「私のファン、おじさんばっかり…」な女性シンガーソングライターが取るべき戦略
こんにちは。海保けんたろー(株式会社ワールドスケープ代表/ドラマー)です。
この記事は、いわゆる「SSWおじさん(シンガーソングライターおじさん)」に支えられて活動している、インディーズ規模の女性シンガーソングライターさんに向けて書きます。
そうです、あなたです。

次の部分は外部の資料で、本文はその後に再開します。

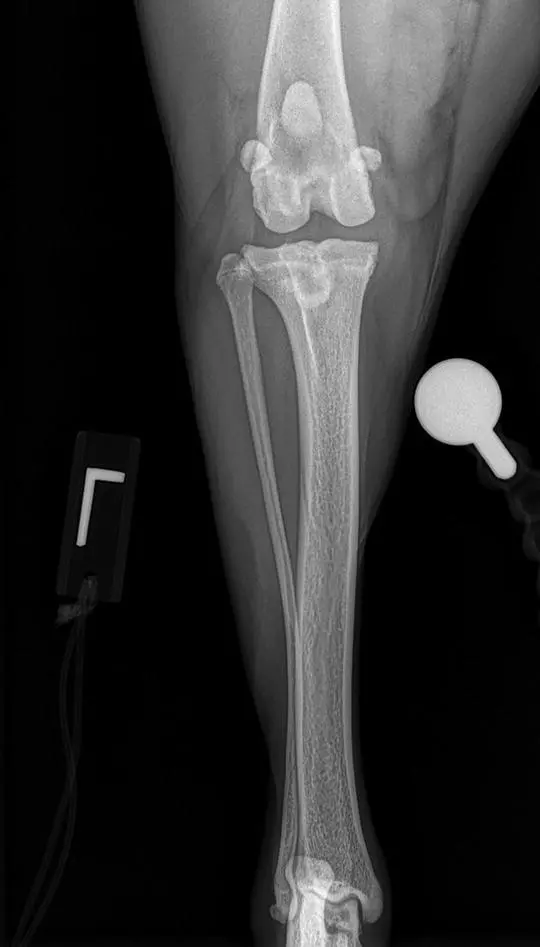 Figure 110 A cranialcaudal radiograph documenting appropriate position of the - фото 11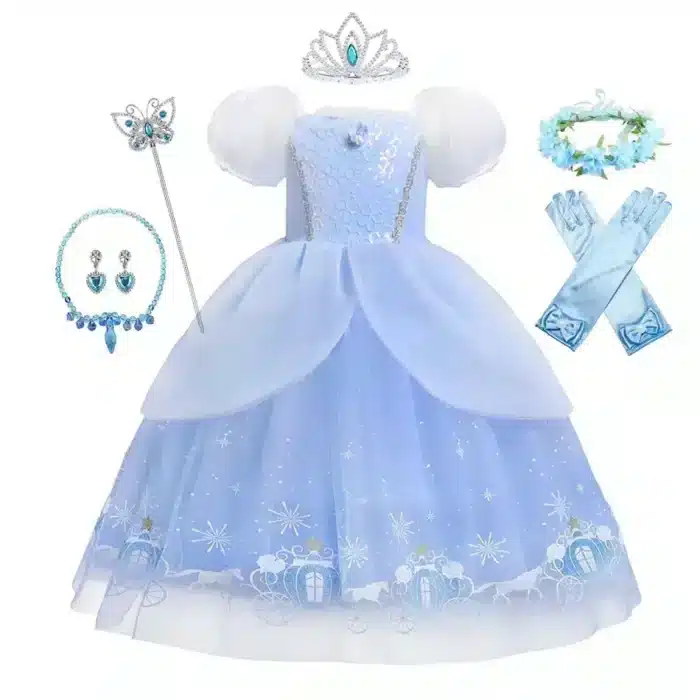 Cinderella Princess Costume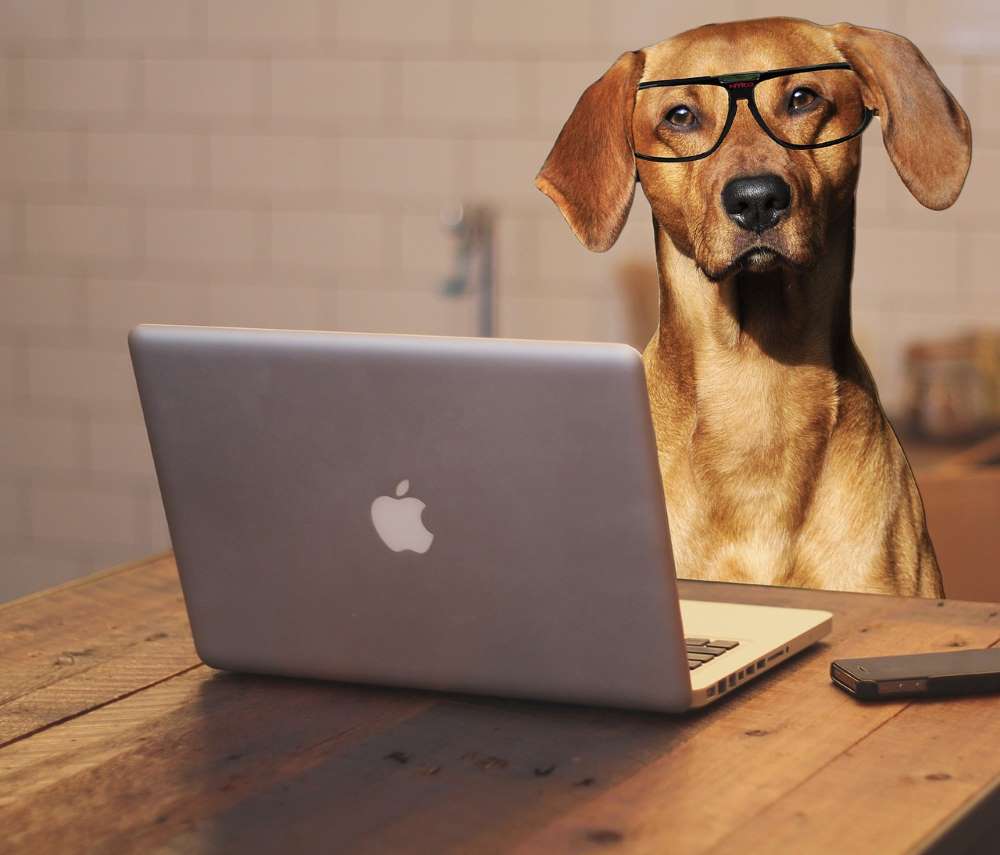 dog with glasses sitting in front of computer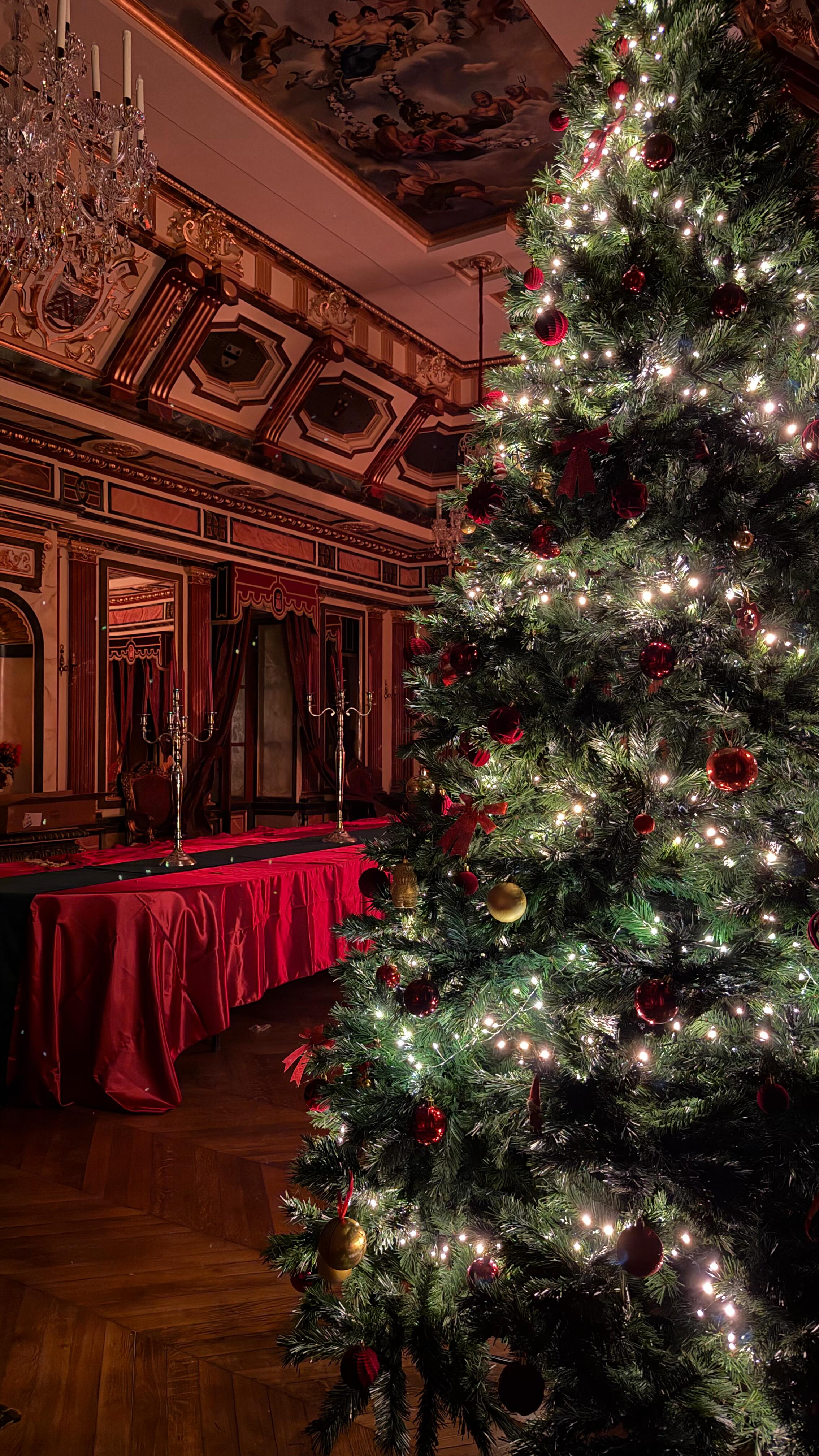 🎄✨ Les coulisses de Noël au château… version réaliste.
Guirlandes emmêlées, boules cassées, attaches introuvables, 7 sapins à décorer, escabeau obligatoire, et… 12°C dans les pièces.
Bref : Noël ne se fait pas tout seul. 😅
Mais quand la magie apparaît… ça vaut toutes les galères. ✨
#VieDeChâteau #NoëlAuChâteau #ChristmasFail #MagieDeNoël #Coulisses #ReelHumoristique #ChâteauDeLaVillaumaire #Noël2025 #GalèresDeNoël #ChâteauLife #ChristmasVibes #Touraine #Chinon #DecoratingForChristmas #ReelFrançais #HumourDuJour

あなたに届け!
SSWおじさんは自然に集まる
まず前提として共有しておきたいのは、本人が望まなくとも女性シンガーソングライターとして定期的にライブハウスに出演していると言うだけで、自然とSSWおじさんは集まってくる、ということです。
これは別に顔がアイドル系だとか、キャラが思わせぶりだとか、曲がポップだとか、そういうことにはあまり関係がありません(増えるペースにある程度の差はありますが)。
では、そうやってSSWおじさんファンが付いてくるとどうなるのか。
簡単に言えば、おじさん以外のファンがつきにくくなります。
想像してみて欲しいのですが、もしあなたが10代の女性だったとして
「ちょっといいな」と思ったアーティストのライブに勇気を出して行ったら、客席の前方がたくさんのおじさんで埋まっていたらどう思うでしょうか?
少なくともこのコミュニティに混ざりたいとは思わないのではないでしょうか。
おじさんたちに罪は無いのですが、現実的にそういう効果をもたらしてしまいます。
アーティスト本人が「私はおじさんファンを増やしていきたい」と考えているなら問題はないのですが、
不幸にも多くの女性シンガーソングライターは同性にも受け入れられたいと考えているため(海保調べ)悩みのタネになってしまうのです。
脱却の是非
すると当然、おじさんばかりに支えられている状況をなんとかしなくては、と考えるようになります。
SSWおじさんに支えられている状況から脱却するのは、決して簡単な道ではありません。
それに取り組む前にぜひ「そもそも本当に脱却するべきなのか」という部分から考えて欲しいとぼくは思います。
SSWおじさんの支援から脱却するという事は「音楽のみを商品として戦うことを受け入れる」という選択に近いのですが、
そもそもあなたが作っている音楽は、あなたが歌っている歌は、本当に音楽だけで勝負できるクオリティーなのでしょうか。
aikoやあいみょんよりもいい歌を本当に歌っているのでしょうか。
もしそうでないなら、脱・おじさんを実現した結果、本当に誰もファンがいなくなってしまう可能性だってあるわけです。
それは本当にあなたにとって幸せなことなのでしょうか。
まずはそれを、改めて自問自答しましょう。
脱却の方法
その上で「やっぱり脱却したい」ということであれば、まずは今応援してくれているおじさんたちを手放す覚悟決めてください。
具体的には
・物販に出ないようにする
・写真撮影不可にする
・写真を売らない
・路上ライブをやめる
・ネット上での顔出しをやめる
などのように、コミュニケーションが取れる口と、顔を売りにするシーンを減らしていくのです。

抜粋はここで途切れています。